Coloco uma mão sobre seu ombro esquerdo carinhosamente e escolho bem as palavras antes de dizê-las.
- Eu só quero que aprenda a viver sem se preocupar tanto em ter a atenção dos outros, especialmente a minha, pode ser que algum dia eu não esteja mais aqui.
- Por que está me dizendo isso? - percebo seus olhos se encherem com lágrimas e meu coração aperta.
- Porque é assim que a vida funciona.
Aproximo meu rosto do seu em um ato impulsivo e deposito um beijo delicado em seus lábios doces. Ela era como uma droga para mim, desde a primeira vez em que a vi, desde o primeiro beijo, me viciei. Eu sabia que era errado e me sentia um bastardo egoísta por isso. Me afasto relutantemente, ainda com os olhos fechados e, ao abrí-los, obrigo-me a dar meia volta e nadar para longe dela.

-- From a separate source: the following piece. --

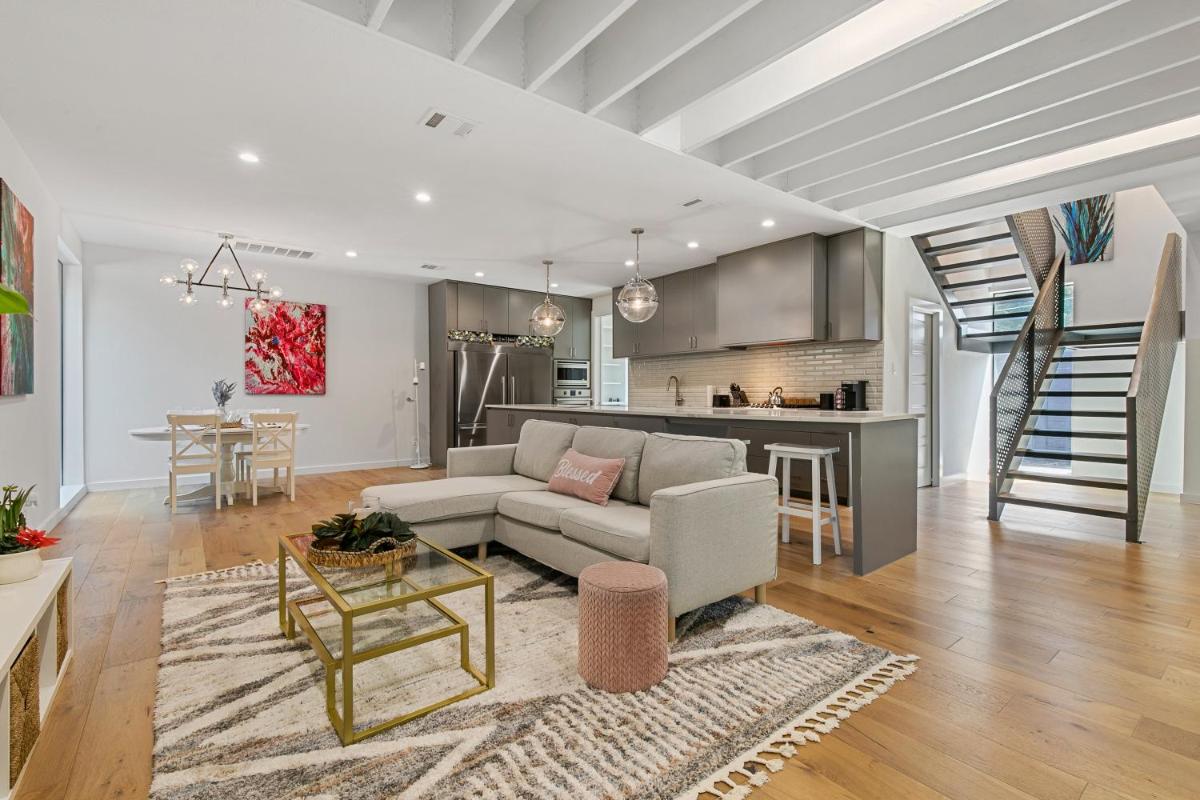 EastVillage Signature Villas by Dunyha view 4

- Eu preciso ir - digo, já alguns metros distante.
- Kristoff? - Flora me chama.
- O que foi? - pergunto sem me virar para ela.
- O que nós somos, afinal? - sua voz parece ansiosa, até mesmo aflita.
- Não precisamos nomear essa relação - respondo, sentindo o peso de cada palavra como socos em meu estômago.
Não espero sua resposta, me afasto rapidamente para longe de sua presença. Flora tinha um poder sobre mim que poderia ser mais letal do que qualquer arma, por mais mortífera que fosse. Durante meus anos como general, colecionei diversos inimigos que iriam até o inferno se soubessem que lá existiria alguém que pudessem usar para me fazer sofrer. Eu não podia fazer isso com Flora, não podia deixar que a usassem para me atingir, era perigoso demais, arriscado demais. Eu não me importaria de ser morto, aceitaria minha morte como um doce pote de mel, mas imaginar o que fariam com ela se soubessem o quanto a estimo, era mais doloroso do que qualquer método de tortura já criado. Eu precisava mantê-la longe de mim, mesmo que isso significasse ferir os seus sentimentos.